He shuddered, his fur shivering—with excitement not cold. There was a way. He wasn’t the only one the Organization had hurt. He wasn’t the only one who wanted vengeance. This spot was quiet, isolated. Many of the members of the pride at large wouldn’t know about today’s raid, or the prisoners here. They wouldn’t know that those who had made their lives hell were being protected only by thin walls.
Dominec could still be the good guy. But good guys didn’t have to keep secrets like those from their beloved pride mates. Didn’t they deserve to know about the monsters in their midst?
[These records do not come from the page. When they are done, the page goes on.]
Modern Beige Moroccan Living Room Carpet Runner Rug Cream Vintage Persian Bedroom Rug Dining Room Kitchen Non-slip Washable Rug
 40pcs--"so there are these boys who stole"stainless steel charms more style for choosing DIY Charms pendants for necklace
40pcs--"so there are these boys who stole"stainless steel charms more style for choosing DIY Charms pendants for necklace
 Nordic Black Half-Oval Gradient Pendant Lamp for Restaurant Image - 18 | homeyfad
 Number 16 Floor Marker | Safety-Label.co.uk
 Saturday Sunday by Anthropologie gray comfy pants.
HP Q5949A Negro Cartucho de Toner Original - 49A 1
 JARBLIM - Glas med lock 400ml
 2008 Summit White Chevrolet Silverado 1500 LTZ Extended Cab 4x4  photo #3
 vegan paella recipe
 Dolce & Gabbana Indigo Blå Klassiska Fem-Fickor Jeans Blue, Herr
The tiger rose, padding into the night.
Chapter Five
A knock on the doorframe made Grace lift her head. Her office door was propped open and Kye stood on the threshold, one hand raised to rest on the frame. He was shorter than she was by a good two inches and possessed the sleek, compact grace of the smaller predatory cats rather than the bulk of the lions and tigers—which made sense since he shifted into a nimble snow leopard. His presence tended to be unobtrusive, fading easily into the background, with none of the authoritative power of the alpha cats who seemed to eat up all the oxygen in a room just by entering it. Kye was good at being invisible—which was part of what made him so dangerous. It wasn’t a coincidence that he had been chosen to lead the Task Force to bring down the Organization.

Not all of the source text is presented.